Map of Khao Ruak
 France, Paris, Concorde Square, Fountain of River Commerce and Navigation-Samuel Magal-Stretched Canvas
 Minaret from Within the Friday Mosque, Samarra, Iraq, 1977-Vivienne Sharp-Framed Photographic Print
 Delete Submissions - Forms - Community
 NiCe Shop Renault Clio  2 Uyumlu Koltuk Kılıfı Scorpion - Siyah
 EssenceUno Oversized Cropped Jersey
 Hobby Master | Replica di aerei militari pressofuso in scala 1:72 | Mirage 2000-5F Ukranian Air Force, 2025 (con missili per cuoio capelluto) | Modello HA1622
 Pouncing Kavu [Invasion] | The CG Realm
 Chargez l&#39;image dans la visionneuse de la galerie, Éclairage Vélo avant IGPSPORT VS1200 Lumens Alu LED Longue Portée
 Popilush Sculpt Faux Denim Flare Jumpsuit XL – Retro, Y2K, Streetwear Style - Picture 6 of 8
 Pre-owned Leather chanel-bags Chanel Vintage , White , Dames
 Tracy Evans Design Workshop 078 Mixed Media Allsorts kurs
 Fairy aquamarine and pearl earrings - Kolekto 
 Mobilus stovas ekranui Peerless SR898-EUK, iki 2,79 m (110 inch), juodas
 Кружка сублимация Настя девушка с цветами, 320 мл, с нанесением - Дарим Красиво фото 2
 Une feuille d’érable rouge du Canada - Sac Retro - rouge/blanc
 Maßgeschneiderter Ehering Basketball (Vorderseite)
*****
About this task:
Using the listing above, show every line that includes the string "Retro".

Response box:
 Popilush Sculpt Faux Denim Flare Jumpsuit XL – Retro, Y2K, Streetwear Style - Picture 6 of 8
 Une feuille d’érable rouge du Canada - Sac Retro - rouge/blanc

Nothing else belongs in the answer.